High doses of antidepressants tied to deliberate self-harm in people under 25

April 29, 2014
painkillersUSA Today (4/29, Painter) reports that for years, “the Food and Drug Administration has…required antidepressants to carry warnings that they may increase the risk of suicidal thinking and behavior in children and adults under age 25.” Now, a study published online April 28 in JAMA Internal Medicine “finds the risk for deliberate self harm doubles when depressed young people start treatment with higher-than-usual doses.” Researchers arrived at this conclusion after examining “health records of 162,625 privately insured people ages 10 to 64 treated for depression with three popular antidepressants…Celexa [citalopram], Prozac [fluoxetine] and Zoloft [sertraline].”

The NPR (4/29, Shute) “Shots” blog reports that the self-harm effect was not seen in “people 25 and older.”

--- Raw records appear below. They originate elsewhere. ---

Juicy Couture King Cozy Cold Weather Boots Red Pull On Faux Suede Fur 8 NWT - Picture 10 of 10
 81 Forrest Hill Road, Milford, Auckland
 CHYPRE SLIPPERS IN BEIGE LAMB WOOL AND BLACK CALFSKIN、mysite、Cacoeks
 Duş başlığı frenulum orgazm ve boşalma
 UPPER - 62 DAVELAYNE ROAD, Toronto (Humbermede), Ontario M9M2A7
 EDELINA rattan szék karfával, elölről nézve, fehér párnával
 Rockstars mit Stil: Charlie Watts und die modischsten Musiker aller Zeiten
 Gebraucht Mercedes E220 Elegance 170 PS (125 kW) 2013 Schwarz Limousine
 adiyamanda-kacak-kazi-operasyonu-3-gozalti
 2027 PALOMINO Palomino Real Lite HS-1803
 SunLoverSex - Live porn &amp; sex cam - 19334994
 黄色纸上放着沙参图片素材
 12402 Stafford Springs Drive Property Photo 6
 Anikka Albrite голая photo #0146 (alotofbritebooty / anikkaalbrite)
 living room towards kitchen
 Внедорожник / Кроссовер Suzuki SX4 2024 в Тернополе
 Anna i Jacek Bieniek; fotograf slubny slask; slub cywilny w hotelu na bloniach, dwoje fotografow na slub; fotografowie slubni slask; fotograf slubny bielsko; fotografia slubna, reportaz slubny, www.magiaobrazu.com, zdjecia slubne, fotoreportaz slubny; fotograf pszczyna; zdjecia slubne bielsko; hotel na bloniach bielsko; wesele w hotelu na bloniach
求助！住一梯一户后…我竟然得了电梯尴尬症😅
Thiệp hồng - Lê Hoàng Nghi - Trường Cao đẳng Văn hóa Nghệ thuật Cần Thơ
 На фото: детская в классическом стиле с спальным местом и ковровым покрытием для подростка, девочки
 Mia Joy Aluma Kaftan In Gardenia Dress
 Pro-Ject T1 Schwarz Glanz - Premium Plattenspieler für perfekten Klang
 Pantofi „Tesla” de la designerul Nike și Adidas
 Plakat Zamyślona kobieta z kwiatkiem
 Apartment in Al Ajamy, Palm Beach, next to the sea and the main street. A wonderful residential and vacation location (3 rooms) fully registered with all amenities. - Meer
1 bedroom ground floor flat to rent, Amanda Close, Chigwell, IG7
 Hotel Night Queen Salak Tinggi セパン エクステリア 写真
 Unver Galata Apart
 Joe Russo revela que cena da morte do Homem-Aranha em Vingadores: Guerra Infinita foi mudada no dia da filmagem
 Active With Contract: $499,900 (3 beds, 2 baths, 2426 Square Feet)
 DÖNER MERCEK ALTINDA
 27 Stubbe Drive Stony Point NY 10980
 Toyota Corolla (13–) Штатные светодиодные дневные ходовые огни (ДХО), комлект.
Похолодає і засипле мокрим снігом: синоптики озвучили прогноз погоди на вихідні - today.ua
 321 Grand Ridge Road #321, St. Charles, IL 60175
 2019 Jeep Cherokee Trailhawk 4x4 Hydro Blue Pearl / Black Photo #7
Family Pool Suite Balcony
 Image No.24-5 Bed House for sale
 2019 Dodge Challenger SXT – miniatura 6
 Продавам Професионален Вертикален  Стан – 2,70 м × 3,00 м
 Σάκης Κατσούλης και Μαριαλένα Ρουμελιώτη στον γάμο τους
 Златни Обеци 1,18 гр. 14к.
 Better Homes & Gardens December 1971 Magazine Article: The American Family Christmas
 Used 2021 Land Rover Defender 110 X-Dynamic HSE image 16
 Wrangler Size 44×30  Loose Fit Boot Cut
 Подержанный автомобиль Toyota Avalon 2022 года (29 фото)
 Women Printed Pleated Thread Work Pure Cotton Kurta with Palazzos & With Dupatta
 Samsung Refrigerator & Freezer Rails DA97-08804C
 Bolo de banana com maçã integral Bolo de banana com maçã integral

MedPage Today (4/29, Gever) reports on some shortcomings in the study, such as not including “physicians’ notes on why they prescribed high (or low) doses, depression severity at [selective serotonin re-uptake inhibitors initiation, and] suicidality at SSRI initiation.” An accompanying commentary (4/29) observed that “the physicians who prescribed high SSRI doses may have had reasons – such as a belief that a high dose could help ward off incipient self-harm – that weren’t captured in the indirect measures available from the claims data.” Also covering the study are Forbes (4/29, Kroll), HealthDay (4/29, Goodman) and Medscape (4/29, Harrison).